The Financial Times has struck a deal with the ChatGPT developer OpenAI that allows its content to be used in training artificial intelligence systems.
The FT will receive an undisclosed payment as part of the deal, which is the latest to be agreed between OpenAI and news publishers.
Under the arrangement, ChatGPT users will receive summaries and quotes from FT journalism, as well as links to articles, in responses to prompts, where appropriate.
John Ridding, the chief executive of the FT Group, said it was “right” that AI companies paid publishers for their material.
The New York Times is suing OpenAI and its largest investor, Microsoft, over use of its content to train large language models, the technology that underpins chatbots such as ChatGPT.
“OpenAI understands the importance of transparency, attribution, and compensation – all essential for us,” said Ridding. “At the same time, it’s clearly in the interests of users that these products contain reliable sources.”

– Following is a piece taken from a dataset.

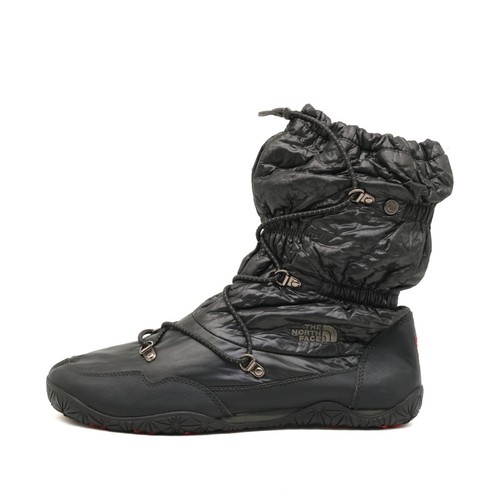 The north face - the,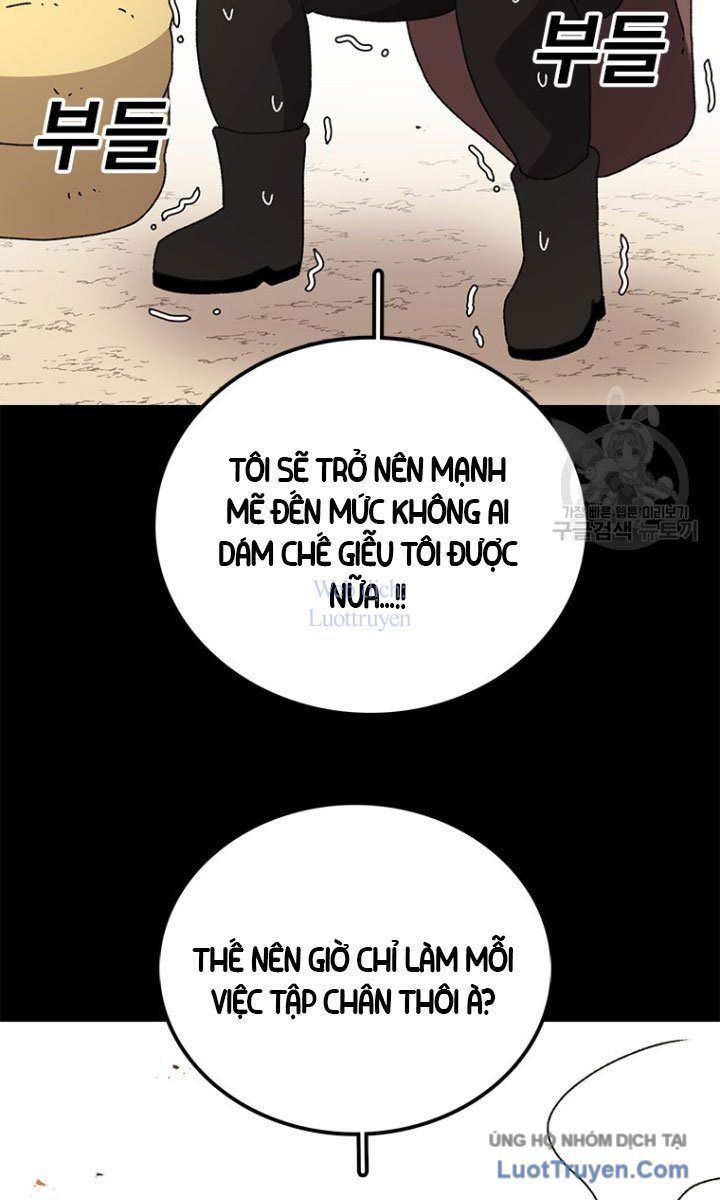 Một Mảnh Thời Gian Chapter 11 - 4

OpenAI has already signed content licensing deals with the US news agency the Associated Press, the French title Le Monde, the El País owner Prisa Media and Germany’s Axel Springer, which publishes the Bild tabloid.
Brad Lightcap, the OpenAI chief operating officer, said it was important for the company to “represent quality journalism as these products take shape”.
“As with any transformative technology, there is potential for significant advancements and major challenges, but what’s never possible is turning back time,” he said.
Chatbots such as ChatGPT are at the forefront of advances in generative AI, the term for technology that can produce convincing text, image or audio from simple hand-typed prompts.
However, the models that underpin these tools are trained on vast amounts of data taken from the internet, including copyright-protected text and images.
Authors including Jodi Picoult, John Grisham and the Game of Thrones writer, George RR Martin, are suing OpenAI for copyright infringement in the US.
Getty Images, which owns one of the largest photo collections in the world, is suing the company behind image generator Stable Diffusion in the UK on a similar basis.
Last year Roula Khalaf, the FT editor, said in an open letter that a team in its newsroom would “experiment responsibly” with AI tools and train journalists in using generative AI for “story discovery”.
However, she said it would be transparent with its use of the technology and its journalism would continue to be written by humans.
Niamh Burns, a senior research analyst at Enders Analysis, said the FT’s “high-quality” content would be attractive to OpenAI and improve its chatbot’s responses.
“Its material will be of real value to OpenAI for powering a chatbot that can output accurate, high-quality responses to user queries needing up-to-date information,” she said. “The FT’s product and brand strength also means that it is among the most insulated from any substitution risk that comes with AI products gaining steam among users.”